The potential path of the storm is still uncertain, but it is currently on track to make landfall in New England. Fortunately, beach season is past, but extreme weather could disrupt the fresh school semester, and fall is a key tourist season for the region.
“For parents, they’re usually gone right about now. They’ve got kids and sports and school. You’ve got the people who really love the late summer and early fall. September is some of the best boating around. Then you have the diehards. They’ll stay unless you have something lingering like Jose,” Mattapoisett Harbormaster Jill Simmons explained.
New Englanders who remember Sandy and Irma know that the region isn’t particularly well equipped to handle such severe storms. Property damage is still a real concern, especially since similar high tides to those that caused flooding in Charleston, despite Hurricane Irma technically sitting 200 miles away, will be present when Jose hits.

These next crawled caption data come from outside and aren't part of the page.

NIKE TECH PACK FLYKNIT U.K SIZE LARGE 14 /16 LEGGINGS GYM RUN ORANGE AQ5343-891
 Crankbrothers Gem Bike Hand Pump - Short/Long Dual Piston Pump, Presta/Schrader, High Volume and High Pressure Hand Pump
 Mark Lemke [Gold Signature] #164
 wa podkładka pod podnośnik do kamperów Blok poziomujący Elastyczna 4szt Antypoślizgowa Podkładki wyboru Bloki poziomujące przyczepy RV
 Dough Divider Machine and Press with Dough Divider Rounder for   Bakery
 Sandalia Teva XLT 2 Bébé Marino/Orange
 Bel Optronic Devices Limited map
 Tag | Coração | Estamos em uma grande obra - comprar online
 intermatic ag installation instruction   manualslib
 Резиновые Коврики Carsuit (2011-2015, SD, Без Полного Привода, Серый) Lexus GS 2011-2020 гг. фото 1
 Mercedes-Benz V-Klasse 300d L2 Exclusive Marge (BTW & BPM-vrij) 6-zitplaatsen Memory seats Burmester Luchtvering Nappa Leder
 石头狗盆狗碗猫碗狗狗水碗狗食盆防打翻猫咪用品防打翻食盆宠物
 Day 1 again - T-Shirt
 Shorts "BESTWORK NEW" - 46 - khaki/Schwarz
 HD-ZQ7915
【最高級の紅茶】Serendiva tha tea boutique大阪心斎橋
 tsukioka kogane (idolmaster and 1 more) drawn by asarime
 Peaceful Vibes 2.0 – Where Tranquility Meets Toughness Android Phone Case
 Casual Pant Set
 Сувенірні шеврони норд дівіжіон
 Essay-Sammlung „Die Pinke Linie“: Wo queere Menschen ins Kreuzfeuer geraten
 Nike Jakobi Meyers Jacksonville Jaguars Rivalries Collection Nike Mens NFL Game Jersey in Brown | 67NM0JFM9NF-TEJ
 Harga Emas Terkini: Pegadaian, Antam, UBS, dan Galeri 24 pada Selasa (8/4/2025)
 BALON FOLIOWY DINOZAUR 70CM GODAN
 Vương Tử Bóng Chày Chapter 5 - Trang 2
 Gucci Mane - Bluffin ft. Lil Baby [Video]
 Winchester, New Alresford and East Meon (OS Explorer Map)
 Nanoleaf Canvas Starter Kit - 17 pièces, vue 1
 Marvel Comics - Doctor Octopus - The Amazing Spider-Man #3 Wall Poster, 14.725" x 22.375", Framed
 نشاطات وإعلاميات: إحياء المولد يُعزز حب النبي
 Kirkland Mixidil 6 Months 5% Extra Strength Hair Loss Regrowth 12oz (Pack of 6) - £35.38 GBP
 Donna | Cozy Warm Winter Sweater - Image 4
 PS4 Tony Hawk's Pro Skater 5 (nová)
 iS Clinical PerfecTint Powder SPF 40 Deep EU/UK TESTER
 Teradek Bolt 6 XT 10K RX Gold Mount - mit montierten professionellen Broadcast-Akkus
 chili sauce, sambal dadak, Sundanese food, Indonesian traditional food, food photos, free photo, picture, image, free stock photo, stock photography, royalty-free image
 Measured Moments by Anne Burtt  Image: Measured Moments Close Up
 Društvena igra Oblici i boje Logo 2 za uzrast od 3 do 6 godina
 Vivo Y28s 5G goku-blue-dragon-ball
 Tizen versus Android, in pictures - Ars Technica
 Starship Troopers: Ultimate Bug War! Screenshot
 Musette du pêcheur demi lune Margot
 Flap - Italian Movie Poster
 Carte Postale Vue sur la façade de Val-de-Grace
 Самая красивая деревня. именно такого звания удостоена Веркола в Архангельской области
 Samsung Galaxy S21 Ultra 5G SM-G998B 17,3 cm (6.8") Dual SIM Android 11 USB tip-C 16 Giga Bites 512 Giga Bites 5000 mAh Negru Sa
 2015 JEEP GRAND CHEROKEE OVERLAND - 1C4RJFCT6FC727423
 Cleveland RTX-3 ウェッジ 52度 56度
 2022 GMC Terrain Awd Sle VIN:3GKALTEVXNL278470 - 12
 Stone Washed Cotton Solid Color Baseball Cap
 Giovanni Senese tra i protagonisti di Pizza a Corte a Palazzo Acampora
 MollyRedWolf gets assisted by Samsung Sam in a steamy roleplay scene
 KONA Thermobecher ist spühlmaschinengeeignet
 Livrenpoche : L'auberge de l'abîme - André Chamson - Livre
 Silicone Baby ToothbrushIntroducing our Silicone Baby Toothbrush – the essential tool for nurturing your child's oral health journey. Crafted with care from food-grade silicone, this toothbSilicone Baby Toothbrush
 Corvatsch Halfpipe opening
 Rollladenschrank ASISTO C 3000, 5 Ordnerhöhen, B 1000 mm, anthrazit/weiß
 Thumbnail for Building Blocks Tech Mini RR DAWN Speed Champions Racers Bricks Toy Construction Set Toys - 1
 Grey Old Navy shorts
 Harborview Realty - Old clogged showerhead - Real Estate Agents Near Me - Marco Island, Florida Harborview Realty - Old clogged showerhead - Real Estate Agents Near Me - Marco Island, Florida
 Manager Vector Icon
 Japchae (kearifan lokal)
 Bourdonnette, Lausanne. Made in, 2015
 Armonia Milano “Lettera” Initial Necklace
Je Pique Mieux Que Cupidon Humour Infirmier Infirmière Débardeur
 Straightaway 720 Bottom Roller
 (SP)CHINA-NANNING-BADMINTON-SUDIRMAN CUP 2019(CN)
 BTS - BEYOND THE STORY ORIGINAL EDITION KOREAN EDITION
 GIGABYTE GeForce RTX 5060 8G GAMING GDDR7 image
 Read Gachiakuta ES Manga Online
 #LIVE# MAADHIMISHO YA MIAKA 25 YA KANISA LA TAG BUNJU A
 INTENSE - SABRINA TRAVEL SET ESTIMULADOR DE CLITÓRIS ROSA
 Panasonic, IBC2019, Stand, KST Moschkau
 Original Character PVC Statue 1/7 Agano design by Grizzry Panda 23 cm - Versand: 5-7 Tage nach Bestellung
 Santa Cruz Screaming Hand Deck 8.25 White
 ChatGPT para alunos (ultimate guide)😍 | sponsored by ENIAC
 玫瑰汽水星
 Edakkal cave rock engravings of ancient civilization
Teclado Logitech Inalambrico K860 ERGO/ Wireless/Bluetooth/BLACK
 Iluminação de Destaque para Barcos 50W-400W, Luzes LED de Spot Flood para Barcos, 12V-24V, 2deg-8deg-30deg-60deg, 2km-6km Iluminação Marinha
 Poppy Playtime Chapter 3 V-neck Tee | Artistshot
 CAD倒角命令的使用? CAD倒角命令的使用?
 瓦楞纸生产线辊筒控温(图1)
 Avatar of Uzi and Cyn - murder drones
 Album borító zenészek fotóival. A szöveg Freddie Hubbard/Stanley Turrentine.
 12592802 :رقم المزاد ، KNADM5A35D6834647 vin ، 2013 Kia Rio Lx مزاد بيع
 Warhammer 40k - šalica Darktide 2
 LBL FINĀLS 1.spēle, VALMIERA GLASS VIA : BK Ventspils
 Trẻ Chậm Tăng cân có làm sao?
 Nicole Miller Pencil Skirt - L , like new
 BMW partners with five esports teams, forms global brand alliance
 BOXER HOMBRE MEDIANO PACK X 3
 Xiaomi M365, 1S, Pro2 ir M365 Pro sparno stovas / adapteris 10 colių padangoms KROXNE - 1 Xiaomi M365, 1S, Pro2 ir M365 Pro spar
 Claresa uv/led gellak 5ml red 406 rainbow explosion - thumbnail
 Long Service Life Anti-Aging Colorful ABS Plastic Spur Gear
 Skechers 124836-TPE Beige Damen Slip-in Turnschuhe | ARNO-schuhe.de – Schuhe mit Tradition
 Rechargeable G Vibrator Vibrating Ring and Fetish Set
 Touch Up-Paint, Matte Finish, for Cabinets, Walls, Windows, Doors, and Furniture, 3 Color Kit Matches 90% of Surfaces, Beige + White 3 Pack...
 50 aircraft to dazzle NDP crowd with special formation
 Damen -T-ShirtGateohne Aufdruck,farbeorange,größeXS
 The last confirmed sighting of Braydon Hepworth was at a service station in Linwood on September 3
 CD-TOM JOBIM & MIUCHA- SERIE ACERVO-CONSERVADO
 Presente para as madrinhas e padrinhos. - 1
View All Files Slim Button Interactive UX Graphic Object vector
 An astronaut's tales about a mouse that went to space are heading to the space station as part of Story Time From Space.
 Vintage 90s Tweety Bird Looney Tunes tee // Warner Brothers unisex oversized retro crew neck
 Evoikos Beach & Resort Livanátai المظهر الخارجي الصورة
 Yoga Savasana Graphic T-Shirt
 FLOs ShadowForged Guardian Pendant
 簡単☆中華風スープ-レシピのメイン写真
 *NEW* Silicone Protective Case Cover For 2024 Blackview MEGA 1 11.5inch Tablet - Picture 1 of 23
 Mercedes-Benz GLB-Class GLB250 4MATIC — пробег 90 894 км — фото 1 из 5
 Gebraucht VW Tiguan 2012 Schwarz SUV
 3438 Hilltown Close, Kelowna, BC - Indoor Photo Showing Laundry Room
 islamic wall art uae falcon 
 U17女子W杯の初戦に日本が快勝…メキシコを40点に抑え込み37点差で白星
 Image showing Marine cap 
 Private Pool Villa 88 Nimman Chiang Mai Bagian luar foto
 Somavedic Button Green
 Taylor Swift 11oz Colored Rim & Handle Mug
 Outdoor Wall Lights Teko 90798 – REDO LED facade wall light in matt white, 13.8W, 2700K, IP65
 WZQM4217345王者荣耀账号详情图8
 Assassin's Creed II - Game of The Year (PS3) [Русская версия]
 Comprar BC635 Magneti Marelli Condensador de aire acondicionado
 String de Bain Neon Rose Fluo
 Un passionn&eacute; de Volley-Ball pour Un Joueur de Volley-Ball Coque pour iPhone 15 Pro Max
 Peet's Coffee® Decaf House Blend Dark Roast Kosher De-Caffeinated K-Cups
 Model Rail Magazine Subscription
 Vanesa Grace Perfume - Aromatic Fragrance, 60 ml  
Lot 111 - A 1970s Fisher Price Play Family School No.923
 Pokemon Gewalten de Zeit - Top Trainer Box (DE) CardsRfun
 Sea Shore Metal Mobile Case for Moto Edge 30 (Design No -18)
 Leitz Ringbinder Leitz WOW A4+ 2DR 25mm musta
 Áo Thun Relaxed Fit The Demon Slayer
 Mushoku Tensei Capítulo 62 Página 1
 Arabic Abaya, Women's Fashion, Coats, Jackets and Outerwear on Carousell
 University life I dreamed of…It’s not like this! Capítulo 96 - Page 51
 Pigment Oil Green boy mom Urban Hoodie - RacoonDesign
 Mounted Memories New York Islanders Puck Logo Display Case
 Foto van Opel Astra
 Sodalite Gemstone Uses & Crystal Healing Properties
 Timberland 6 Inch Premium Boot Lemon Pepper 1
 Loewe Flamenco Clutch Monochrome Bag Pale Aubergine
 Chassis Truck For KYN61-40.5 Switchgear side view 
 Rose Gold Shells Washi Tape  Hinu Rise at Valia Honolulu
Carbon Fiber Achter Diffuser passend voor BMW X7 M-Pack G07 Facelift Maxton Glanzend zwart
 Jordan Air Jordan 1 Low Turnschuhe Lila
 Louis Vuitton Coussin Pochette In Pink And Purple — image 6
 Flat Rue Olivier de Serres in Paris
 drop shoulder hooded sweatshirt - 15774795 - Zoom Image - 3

For now, Jose is a Category 1 hurricane and New England still has until Tuesday or Wednesday to batten down the hatches. “We’ve got a new moon, that means we’re running astronomically high for our tide cycle at this time of the month, and that may lead to some coastal flooding,” said Meteorologist AJ Burnett.
For now, there is little to do but watch, wait and hope Jose gets no stronger than it’s present category.